11. A system as claimed in Claim 10, in which the flow-regulating means controls the said flow in dependence on the temperature of the charge air flowing from the second heat exchanger to the engine.

12. A system as claimed in any of the preceding claims, which also includes flow-regulating means coupled to control the flow of liquid coolant through the first heat exchanger, in dependence on the temperature of one of the fluid flows associated with the first heat exchanger.

13. A system as claimed in Claim 12, in which the flow-regulating means controls the said flow in dependence on the temperature of the charge air flowing from the first heat exchanger to the second heat exchanger.
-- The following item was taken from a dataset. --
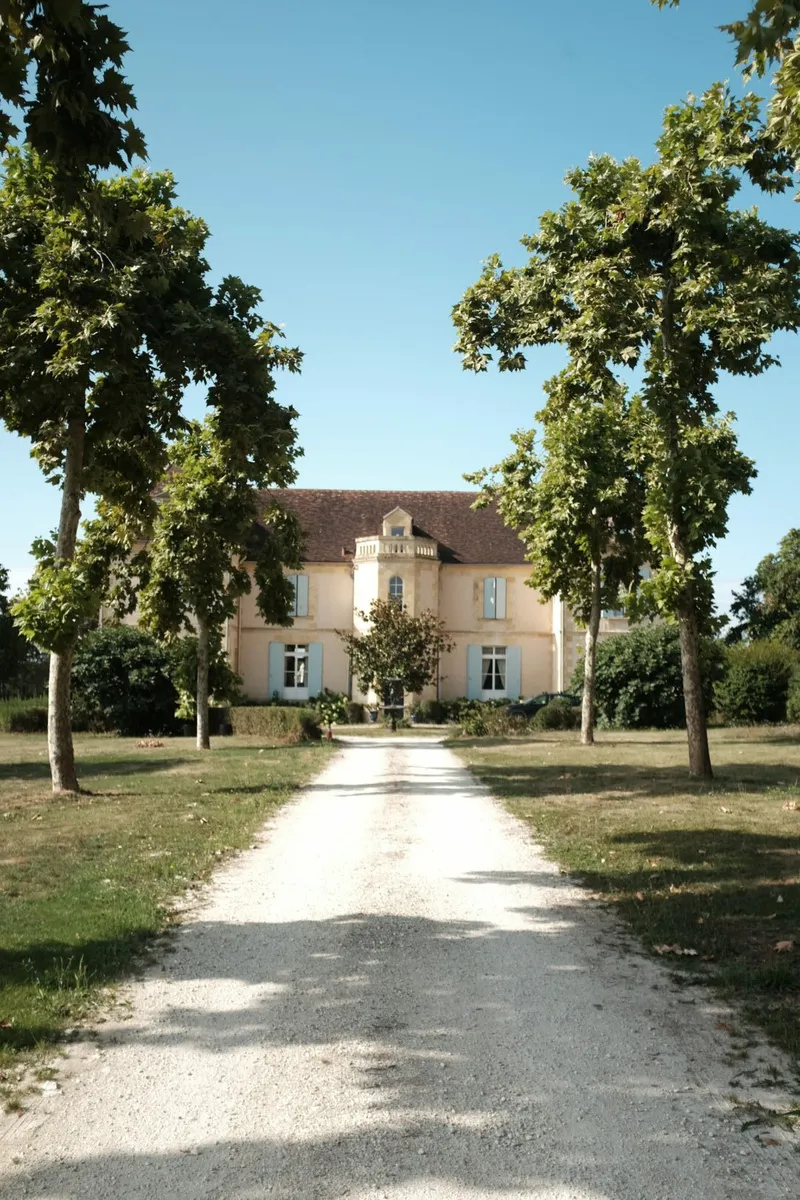 Gîte Château Le Tour — gîte de groupe à Faux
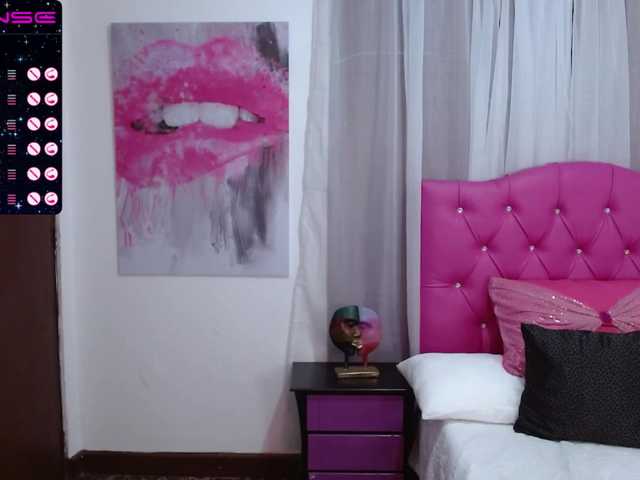 תמונות Valentinax6 Hi guys welcome to my room im new model in here complette my first goal and enjoy the show #latina #sexy #brunette #dildo #naked #fuck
14. A pressure-charged internal combustion engine system, substantially as herein described, with reference to any of Figures 1,3 and 4, with or without the modification shown in Figure 2, of the accompanying drawings.

1 5. A cooling system for a charge air combustion engine, comprising a radiator mounted in series with the engine for circulation of a liquid coolant through said radiator and the engine for controlling the operating temperature of the engine; first and second charge air heat exchanger means for serial passage of charge air supplied to the engine; and means for circulating a liquid coolant having a first temperature level through said first heat exchanger means for first stage cooling of the charge air, and for circulating a liquid coolant having a second relatively lower temperature level through said second heat exchanger means for further and second stage cooling of the charge air.

1 6. A method of operating a pressure-charged internal combustion engine system, in which method a liquid coolant is circulated around a loop containing the engine, and is cooled in its passage around the loop before returning to the engine, and compressed charge air is cooled, in two stages, by heat transfer to a liquid coolant or coolants, and is then supplied to the engine, the liquid coolant for the first stage of charge air cooling being taken from the engine cooling loop, at a point where the coolant has been cooled before returning to the engine, and the liquid coolant supplied for the second stage of charge air cooling is at a lower temperature than that supplied for the first stage of charge air cooling.